È stato il caso dell’artista figurativo Alessandro Alemanno che ha dominato la scena per la serata intera con la creazione della tela dedicata al concetto di pace, la serenità cui l’umanità anela e che la luce indifferente della luna benedice passando nella storia di ognuno di noi e dei popoli tutti.
Le voci recitanti di Enrico Vanzella e Lorenzo Pradel sono state il firmamento in un cielo di musica e canto.

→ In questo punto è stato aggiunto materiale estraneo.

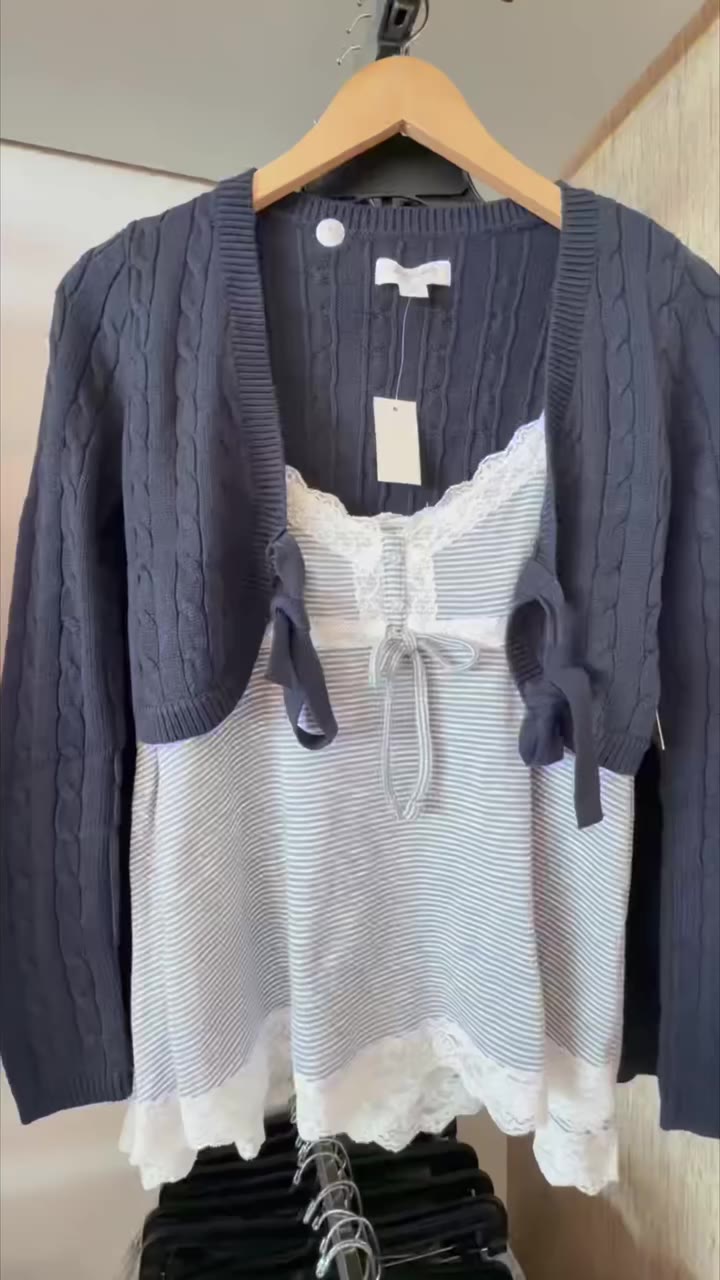 a look into our latest fave layers 🩷 #AeroATeam #AeroFanMail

Il vìolino di Mattia Tonon e la viola di Giovanna Nespolo hanno accompagnato l’intera serata mentre la location scelta all’ultimo minuto, causa problemi meteorologici, ha offerto alle voci recitanti l’accompagnamento dell’organo suonato da Matteo Gobbo Trioli.
Uno scorrere impetuoso di parole nelle poesie di Leopardi, Merini, Dickinson e Saffo mentre, nonostante il caldo umido rendesse la recitazione complicata nel calore della sera, l’intera platea ha mantenuto partecipazione attiva ed attenzione allo svolgersi dello spettacolo.
Tra gli ospiti istituzionali Davide Giorgi, Presidente Comitato Italiano Paralimpico, Stefano Marcon, Presidente Provincia di Treviso e Sindaco di Castelfranco Veneto, Sonia Brescancin, Consigliere Regionale Veneto V Commissione, Paola Moro Sindaco Monastier di Treviso, Gianna Vidori, Vicesindaco Vidor, Poletto Andrea Vicesindaco di Fontanelle, Davide Bortolato Sindaco di Mogliano Veneto, e tra loro con grande desiderio di offrire la giusta ospitalità ha partecipato alla serata di improvvisazione il sindaco di Gaiarine, Diego Zanchetta, con la consorte.
Per la Fondazione Efesto con un occhio all’inclusione e alla partecipazione dei ragazzi disabili come attori in prima linea e come spettatori di eccellenza si aggiravano, alcune fin dall’entrata prima dello spettacolo e definite dalle t-shirt amaranto; un ringraziamento particolare a Lidia e Laurenzia, partecipanti attive, Laura dei genitori malattie rare, Carlo Zaja aiuto tecnico costante dalla polisportiva Terraglio e Carla Gagliardi, Fondatrice e Direttore scientifico Fondazione Efesto.
Ancora una volta l’umanesimo culturale ci ha dimostrato come qualsivoglia imprevisto “dove armonie, gesti e voci risvegliano il silenzio” assicuri alla rassegna Abbazie in Festival di offrire al sociale, anche in luoghi poco frequentati, un risveglio del desiderio di partecipazione attiva e di riflessione per un mondo globale in cui ci sentiamo travolti troppo spesso come attori passivi ed irrilevanti.
E vengano con gioia questi spazi di confronto e di apertura che hanno visto la Chiesa Parrocchiale San Tomaso di Canterbury, tutt’altro che anonima e accompagnata dalla presenza di Don Piero, colma di presenze e di persone, cittadini comuni che hanno accettato di superare i problemi di acustica per uno spettacolo pensato per il parco di Villa Cavarzerani e improvvisamente svoltosi tra le colonne imponenti di questa location.
Nella pavimentazione con la scritta J882 la storia dei luoghi ci travolge, da cappella della Pieve a curazia con prime attestazioni riconosciute dal 1400, l’edificio ci accoglie e in questo luogo solenne il canto ci ricorda la nostra storia e le conquiste di libertà dell’Italia durante e dopo le guerre mondiali, esempi per un futuro incerto travolto tra conflitti inspiegabili ed ingiustizie globali.